Peter Smith

Farce in our midst

A farce is a dramatic work which, according to my dictionary, typically includes ludicrously improbable situations. We expect to see farces on stage. When they happen in real life maybe it’s harder to spot them. It must, because we are now living in the middle of one that would stretch the imagination of playwright and audience alike. It has four acts: the insulation revolution, the education revolution, the communications revolution, and the taxation revolution. Why aren’t we falling about laughing?

I think it is because of an unwarranted assumption that governments act rationally even when we might not agree with them. It is so hard to believe that governments can completely lose the plot and create ludicrously improbable situations in our day and age, when we are so sophisticated and wise. Idiotic schemes and cunning plans, that would stretch Baldrick’s flights of fancy, are discussed in polite terms – as though rational thought-processes can be brought to bear – because they are prosecuted by government.

It would be hard, for example, to write a farce having as an unlikely a plot line as the now aborted ceiling insulation fiasco, led by an ex-pop protest singer. Billions spent; rorting and shonky work; people electrocuted; people unsafe in their beds; houses burnt down; companies, running perfectly good businesses beforehand, ruined. Cheerleading chorus, Rudd, Swan and Henry, exit stage left, as the first ceiling goes up in smoke.

Follow that up with the same group of people led by Julia Gillard (otherwise employed to make employing people harder) spending even more billions of taxpayers’ money on assorted school buildings throughout the country, needed or not. Of course, they were all needed in the sense that if the government came along an offered to build you an extra room free you might say yes. Now imagine that you build halls, when classrooms are needed or libraries when halls are needed and refuse to do things that are really needed and put in place a system which means that everything costs a lot more than is normally the case. Obviously you might question whether the plot has become too unrealistic but our intrepid author has not finished yet.

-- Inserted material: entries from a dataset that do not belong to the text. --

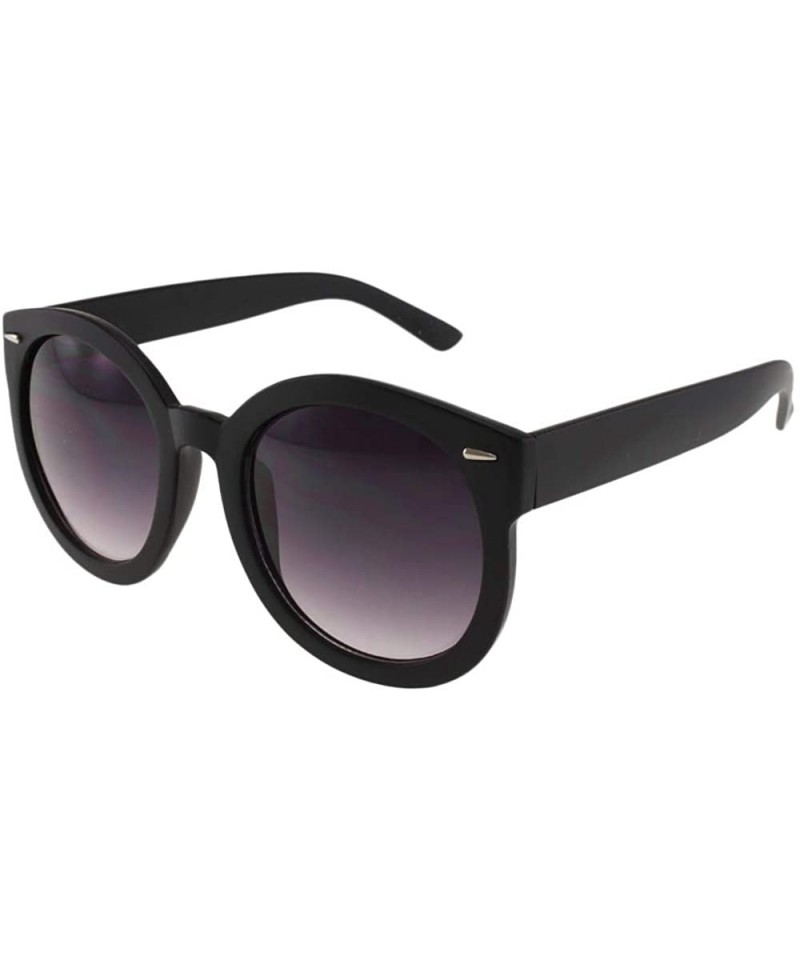 Round Addison - Classic Large Round Sunglasses - Black - CP196ROC5OZ $12.22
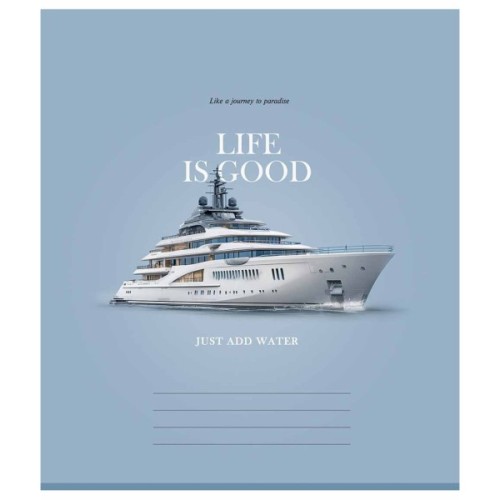 Зошит Школярик Life is good 48 аркушів лінія (048-3670L)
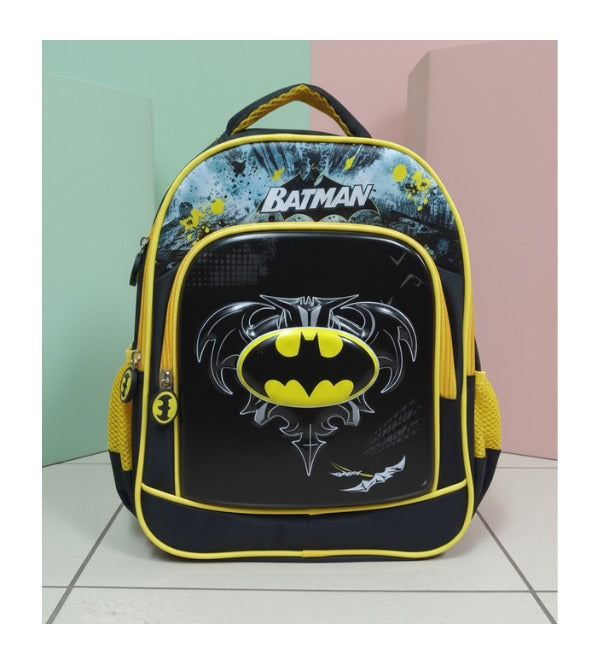 Batman Themed Premium Quality Three Portion School Bag for KG 1 & KG 2 (2020)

In a Rex Connor moment, Stephen Conroy, without any cost-benefit study, announces he wants to spend $43 billion on crisscrossing the country with fibre optic cable, with private sector involvement assumed. Retrospectively – yes, really, retrospectively – a study is commissioned to see whether the scheme passes muster. Unsurprisingly, the study suggests that it is best to keep the scheme in public hands for 15 years. Why, because the private sector is prone to acting rationally and wouldn’t touch it with a barge pole. Exactly what will world’s best practice communications look like in 15 years? Nobody knows. Maybe if you are building a high speed rail link from Sydney to Melbourne it is safe to assume that teleporting people will not be around in 15 years’ time, but when you are talking about transporting bits of information, 15 years is an eternity.

The final plot line is to commission a publicly funded review of the taxation system; to sit on the report for some months; engage in no public consultation, and then to announce a huge increase in taxation on those companies which are the engine room of Australia’s economy. But if that in itself doesn’t generate enough laughter you add the lines of experienced thespians: Kevin Rudd, Wayne Swan and Martin Ferguson. To paraphrase with theatrical license: “It is all okay because foreigners – and, in parenthesis, I exclude, with specificity, from any pejorative connotations of that comment any possible imagined slight, barb or criticism of any kind whatsoever that may be inferred to be directed towards our friends the Chinese, who I admire greatly and I want to be absolutely crystal clear about that – own a lot of the mining industry.”(Rudd). “Unless we tax the bejesus out of the mining companies don’t expect any superannuation goodies; it’s all interdependent you know. No tax, no goodies.” (Swan) “It’s all the mining companies’ fault in talking down their share prices; nothing at all to do with us. Hello, hello, is anybody listening can someone please tell me how what I say ever makes any sense?” (Ferguson)

I am not sure how the denouement reads; hopefully with a new, less farcical, government.